One of entrepreneurs’ favorite pastimes is complaining about venture capitalists (VCs). (Incidentally, I’m fairly sure the reverse holds true for VCs, but I won’t put words in their mouths.) Although some of this is understandable (raising money is extremely hard and can be a frustrating process), I’ve often thought it’s in bad taste and just plain stupid.
I agree with Jeff Bussbang — too many entrepreneurs play the VC blame game. This is when an entrepreneur complains about a VC’s incompetence, because they didn’t agree to fund the entrepreneur’s startup. I understand the frustration, and you can be sure all VCs aren’t created equal, but the more you play the blame game, and openly complain about VCs while still trying to raise money from them the harder you’ll find it.
For starters, you’ll get bitter. And that bitterness will show through during presentations. You don’t want to be in a negative frame of mind when pitching VCs.
On top of that, you never know when word will get out of your immediate circles and get back to the venture capitalists. You might share your frustrations with a handful of people, and they tell a few more people and so on. This is especially risky in smaller communities. Why take that chance?
As well, venture capitalists do speak to one another. They interact as much as entrepreneurs in a community are interacting, and word travels fast.
Finally, VCs do put a lot of credence on the individuals they choose to invest in. You can debate the importance of “you” in the equation (in comparison to your idea, intellectual property, etc.) determining whether a venture capitalist will invest or not, but it’s always high up on the priority list. If a VC doesn’t believe in you they’re not going to invest. Why risk sullying your own reputation by bashing the very people you need to find ways of working with?
It might be cool – as the radical entrepreneur, out there “beating the man” – to diss VCs, but it’s not worth it. This is especially true if you’re a first-time CEO in the process of raising money. Worse, if you’re a first-time CEO about to go raise money and you’re already dissing VCs based on what others have told you!

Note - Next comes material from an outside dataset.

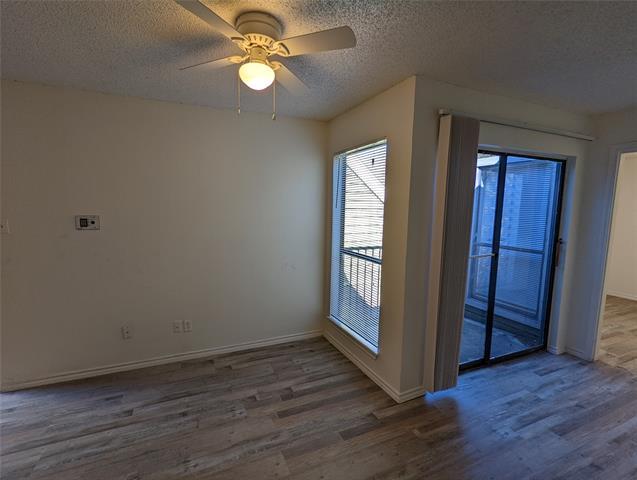 Foto del edificio - 9807 Walnut St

Albert Lai, a serial entrepreneur with multiple successes under his belt, speaks his mind frequently about the Canadian Venture Capital Industry. He was recently quoted in a Canadian Business magazine article entitled, Venture Gap which looks at the difficult state of the Canadian VC industry. Albert makes a lot of good points, and few people have come out and argued with the article, but he doesn’t go after any specific VC. And Albert’s also gone through the fundraising process numerous times in Canada. Most importantly, Albert has the ability to go to Silicon Valley and raise the money there. It makes it easier for him to speak publicly here. Not everyone has that opportunity.
We need people like Albert Lai speaking out about the startup and VC industries, and advocating change & improvement. And if you’ve ever heard Albert speak publicly, he does so brilliantly. But you shouldn’t be so emboldened by folks like Albert, or naive, to think that it’s smart and beneficial to complain about VCs and investors, assuming it won’t have a negative impact on your ability to raise money. It will. So be careful.